Maryland: School funding debates heat up in Rockville and Annapolis
This week, Montgomery County officials unveiled their capital spending plan and state lawmakers began debating education spending priorities in Annapolis. Here are a few developments to watch that could have an impact on the bottom line for Montgomery schools. Although the Board of Education had requested $1.49 billion, or a nearly 10 percent increase, in school construction funding for next year, the county may reduce its share of building costs: County Executive Isiah Leggett proposed a $1.36 billion school construction spending cap, a 0.3 percent decrease from the previous plan. Also under debate during the 90-day session in Annapolis will be how to fix a law that determines the minimum amount a locality can provide to schools each year (a law that local school boards and teachers unions say puts millions of dollars at risk that school systems have traditionally relied upon), and whether the state should shift more of the hefty cost of teacher pensions to the counties. This could add a big responsibility to localities in future years. (WaPo)

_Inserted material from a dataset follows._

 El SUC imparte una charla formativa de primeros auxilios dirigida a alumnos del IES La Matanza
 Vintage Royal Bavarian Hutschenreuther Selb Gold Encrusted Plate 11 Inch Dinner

Minnesota: Irondale’s new college-in-high-school program to be on display at townhall with Arne Duncan
Everybody knows graduation is what happens when a person has endured a certain amount of high school, right? What if graduation were redefined not as the accumulation of a certain number of credits but as the point at which a young person was prepared, academically and in all other respects, to go on to college — and complete a degree? At Mounds View Public Schools, educators are betting they know the answer: It would be nothing short of a paradigm shift. Starting next fall, students at the district’s Irondale High School, located in New Brighton, will have on-site access to enough college-level classes offered in conjunction with Anoka-Ramsey Community College to graduate with both a high school diploma and an associate’s degree. (Beth Hawkins)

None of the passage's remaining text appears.